4.2 Measures of Dispersion
The easiest measure of dispersion is called the range which is the largest value minus the smallest value in the data set. A measure used far more often is the variance. Think of the variance as a measure describing how far the data is spread around the mean. Recall from Chapter 1 that there we distinguish between a population and a sample. The population is characterized by unknown parameters and we use statistics based on sample to say something about the unknown population parameters. The distinction between population and sample is important regarding the variance. The population variance is calculated as follows: \[\sigma^2 = \frac{1}{N} \sum^N_{i=1}(x_i-\mu)^2\]
The sample variance is calculated as follows: \[s^2 = \frac{1}{N-1} \sum^N_{i=1}(x_i-\bar{x})^2\] The population variance is used to calculate the variance of the entire population. For example, if a professor is interested in calculating the variance associated with the final exam, they would use population variance equation because the class is not a sample of a larger population. The second equation dividing by \(N-1\) is used if we have a sample and want to estimate (!) the variance associated with the population. Consider the figure below which illustrates the difference. A randomly generated data set contains 100,000 observations with \(\mu=50\) and \(\sigma=20\). An simulation procedure takes 1000 sample with sample sizes varying from 2 to 50 (horizontal axis). For each of the sample, the population variance is estimated by dividing by either \(N\) or \(N-1\). The estimates dividing by N-1 are closer to the population standard deviation than for the samples divided by N.

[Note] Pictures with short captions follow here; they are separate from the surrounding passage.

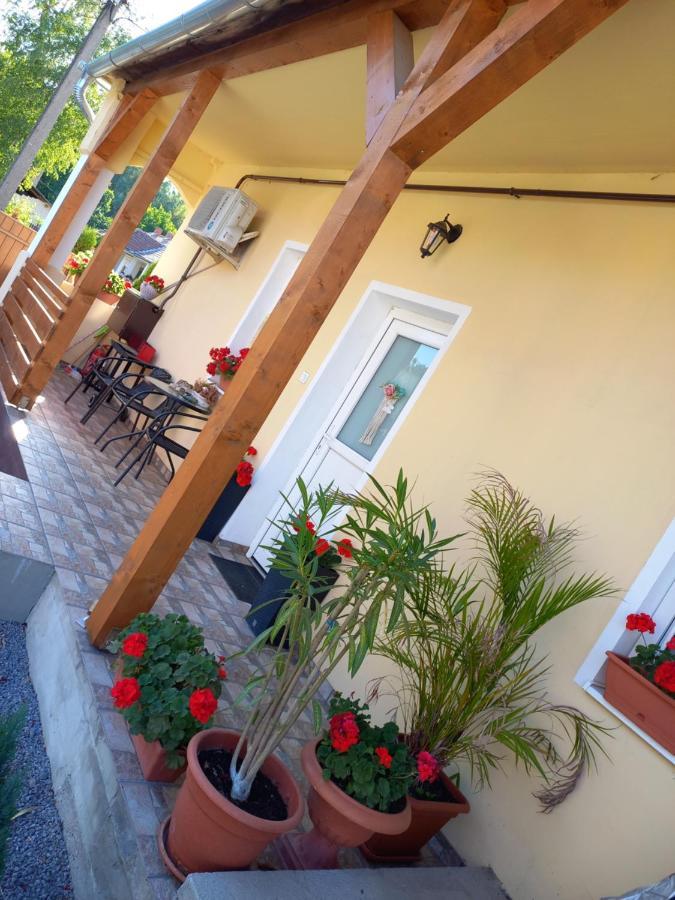 Oázis Apartman Sárospatak Exterior foto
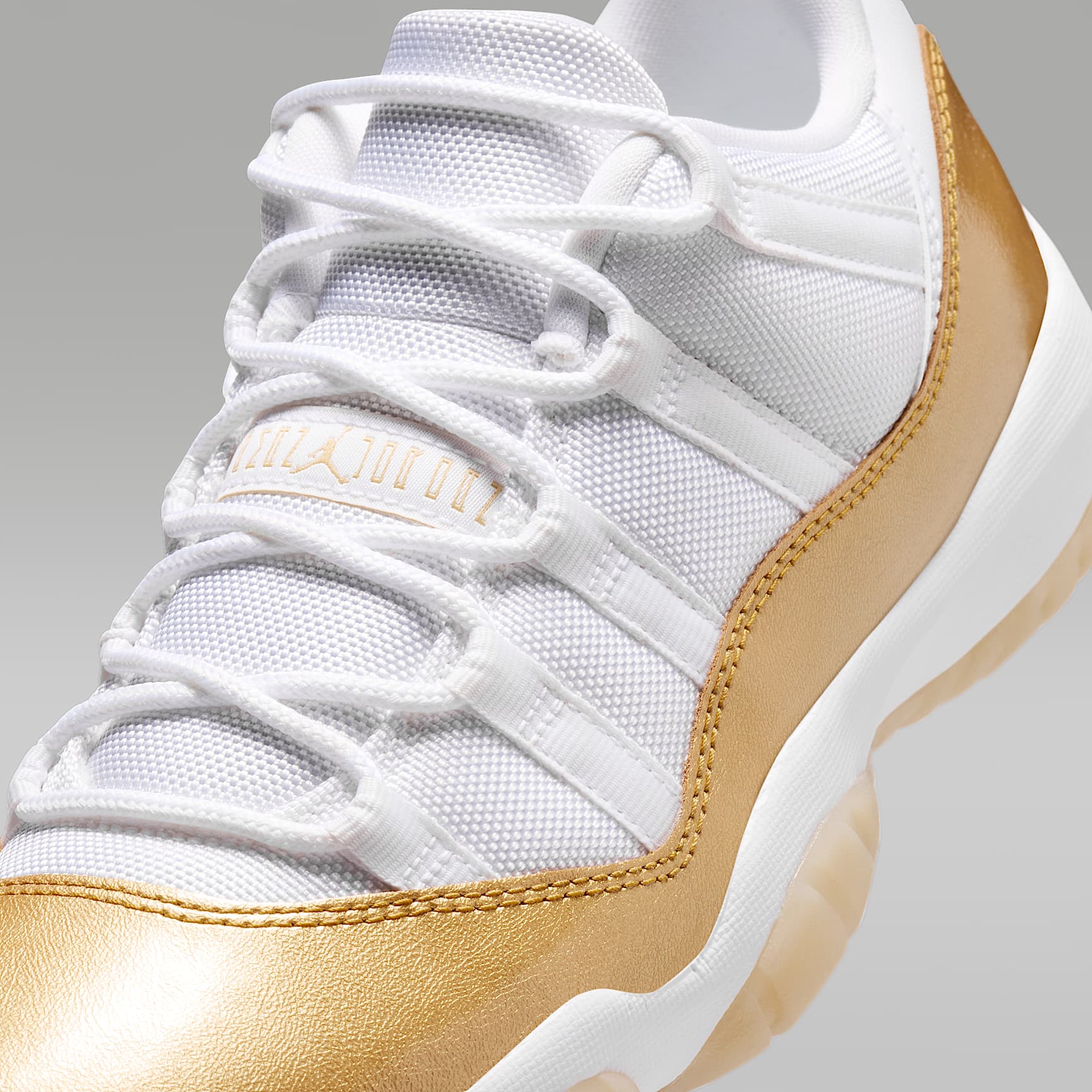 Air Jordan 11 Low "Mother's Day" Schuh (Damen) – Weiß/Team Gold/Metallic Gold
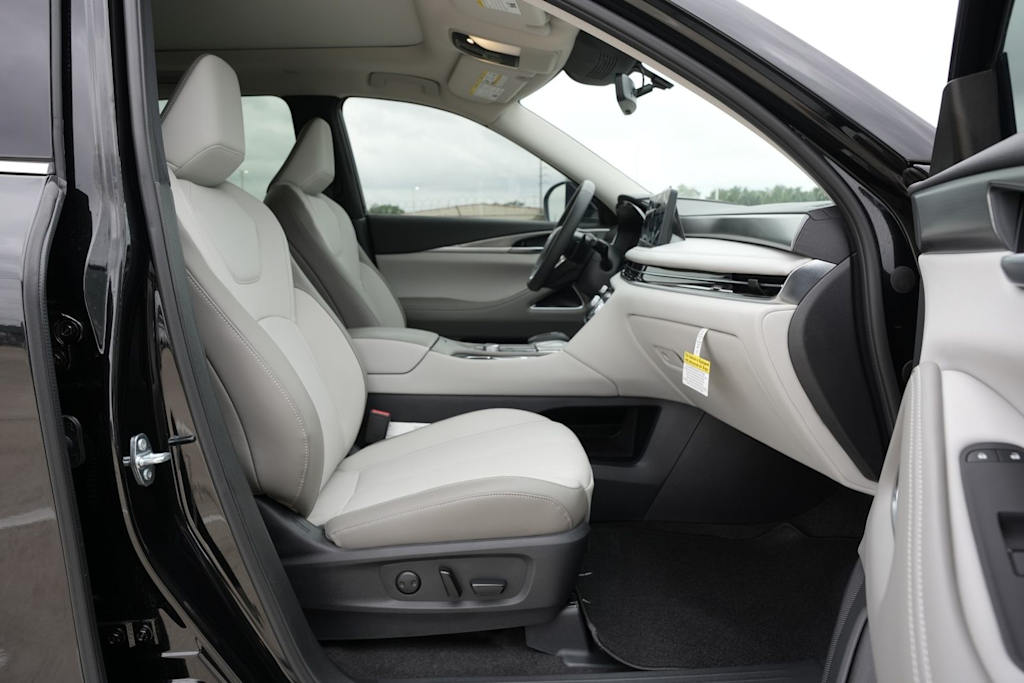 Thumbnail: 2027 INFINITI QX60 - 11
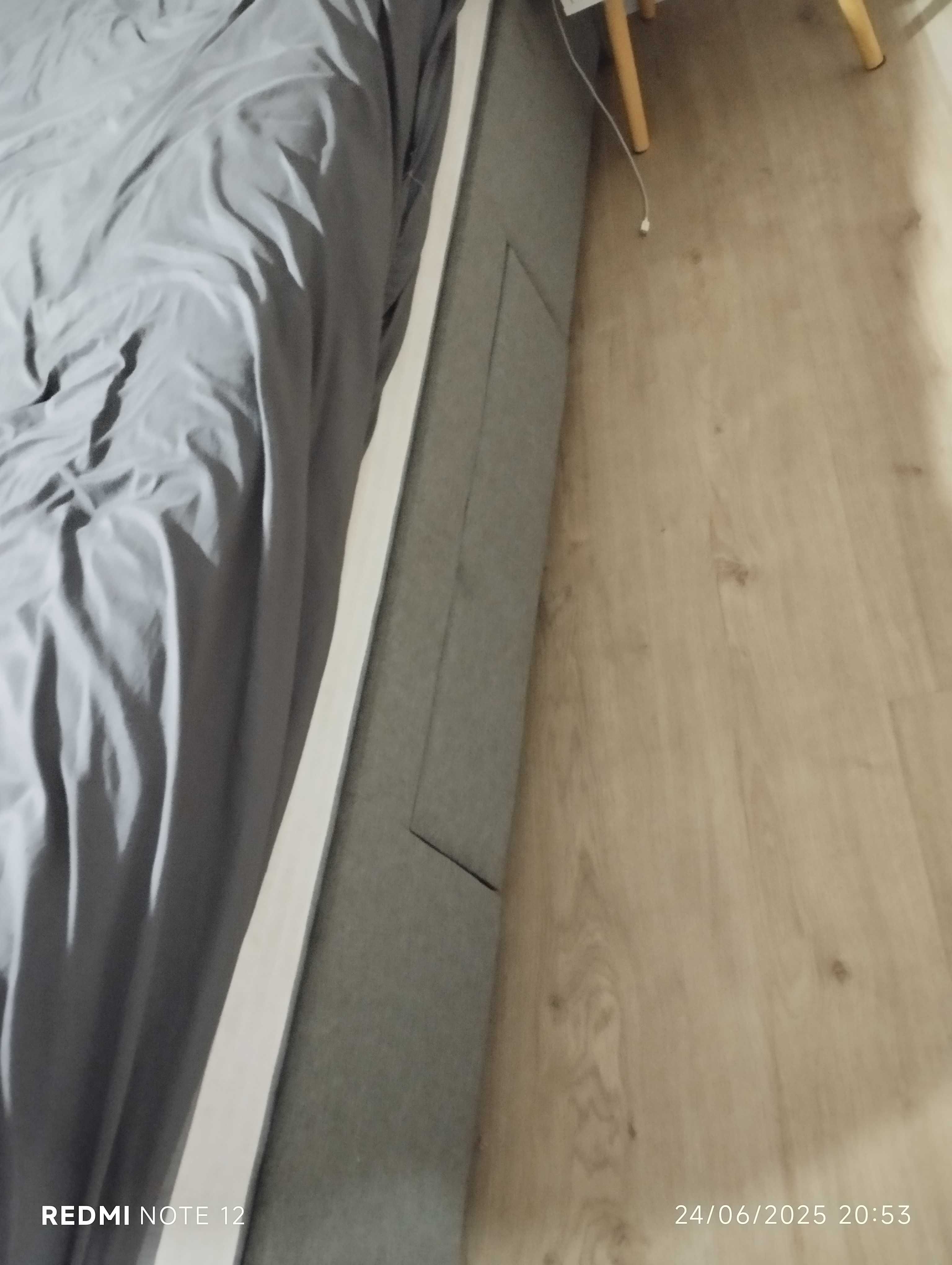 Cama e mesinhas de cabeceira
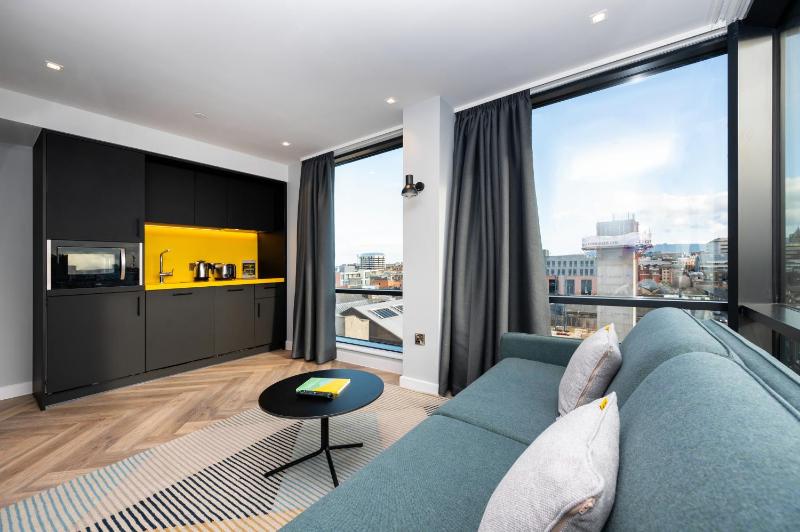 One-Bedroom Apartment image 1
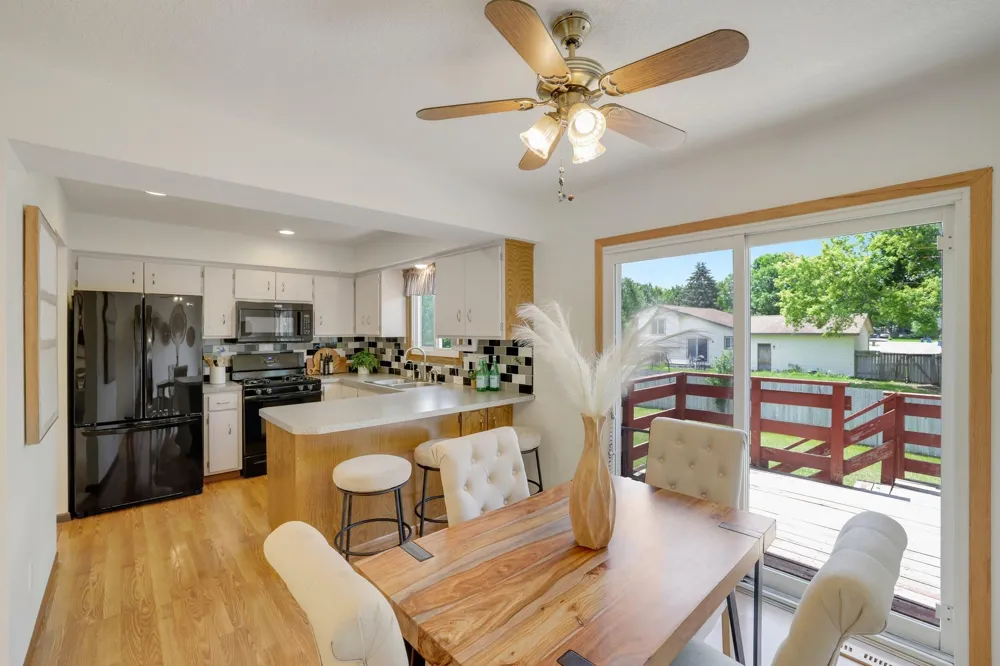 7337 116th Place Champlin, MN 55316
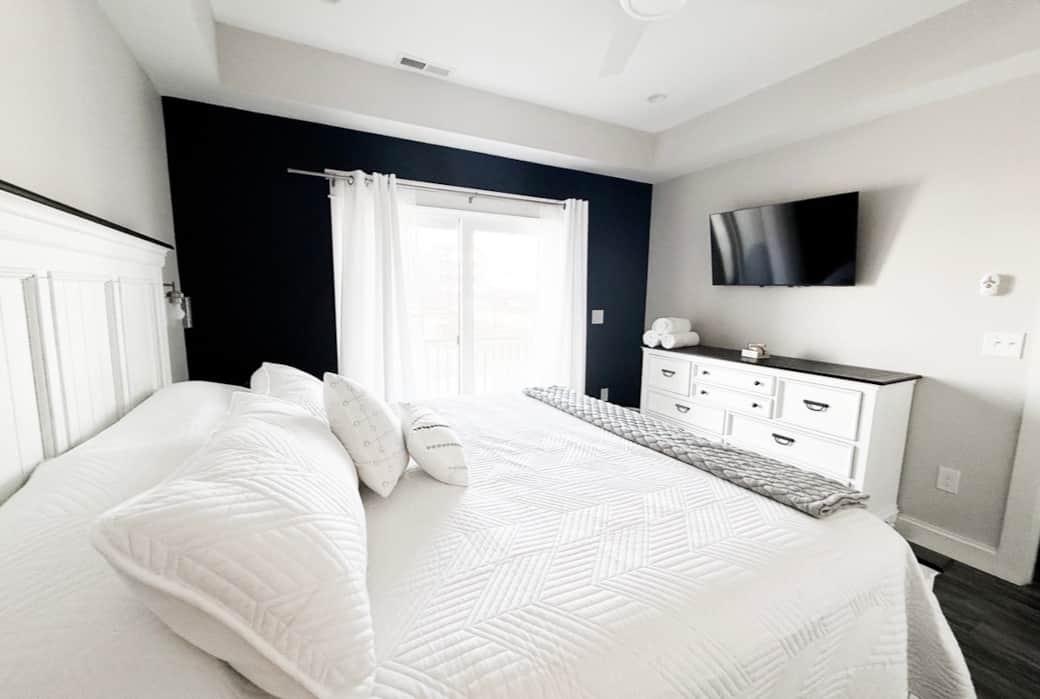 That house king bed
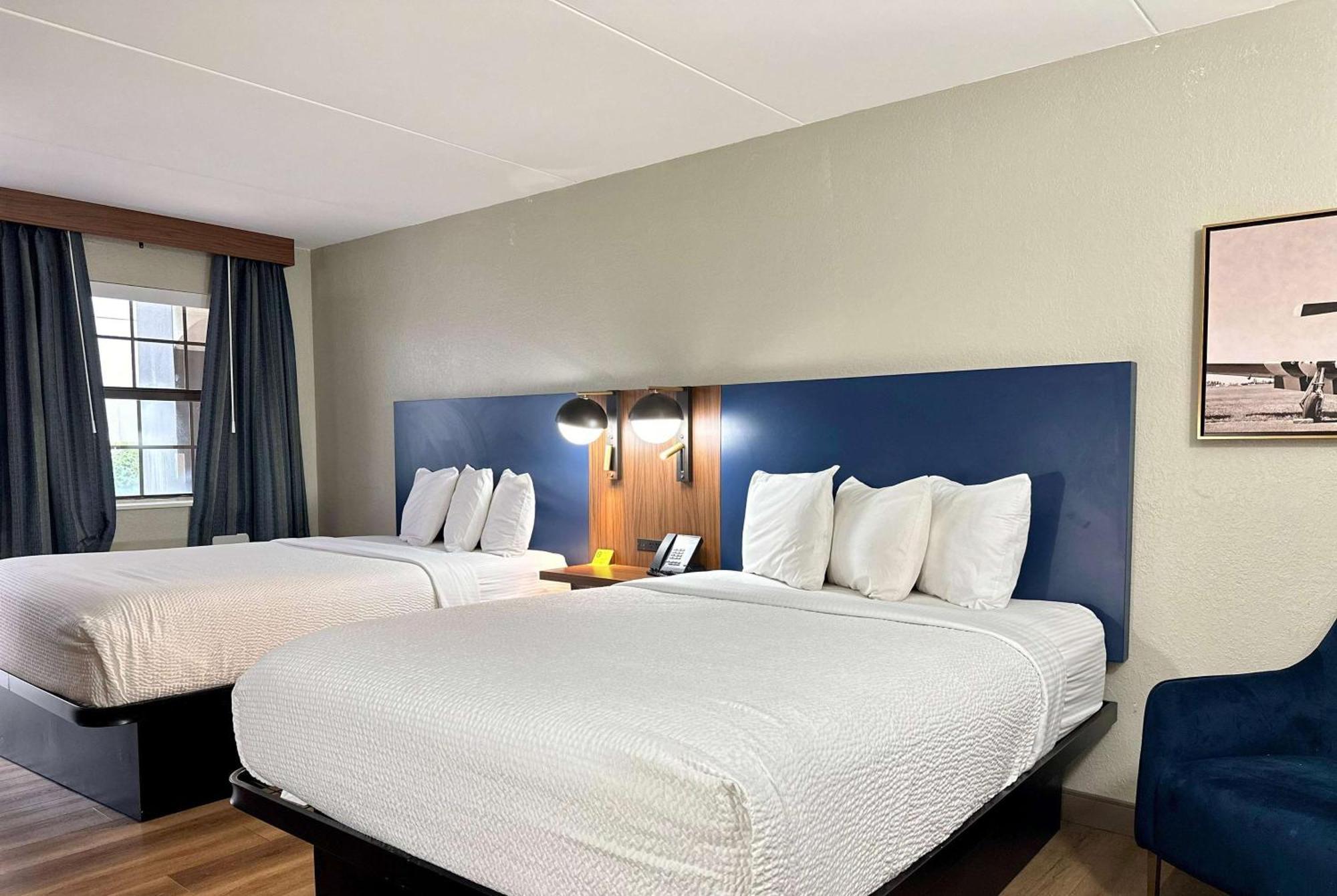 La Quinta Inn By Wyndham Huntsville Research Park Экстерьер фото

The coefficient of variation standardizes the standard deviation \(\sigma\) by the mean, i.e., \(CV=\sigma/\mu\). Because the magnitude of the standard deviation depends on the mean, it is sometimes necessary to calculate the coefficient of variation to make two or more standard deviations comparable. For example, suppose you are comparing residential home values in California and Indiana. You calculate the mean and standard deviation for California as $2,000,000 and $400,000, respectively. The mean and standard deviation for Indiana are $125,000 and $50,000, respectively. Calculating the coefficient of variation (\(CV\)) for both states leads to \(CV_{CA} = 0.2\) and \(CV_{IN} = 0.4\). Hence, there is much more variation in the home values for Indiana than there is in California.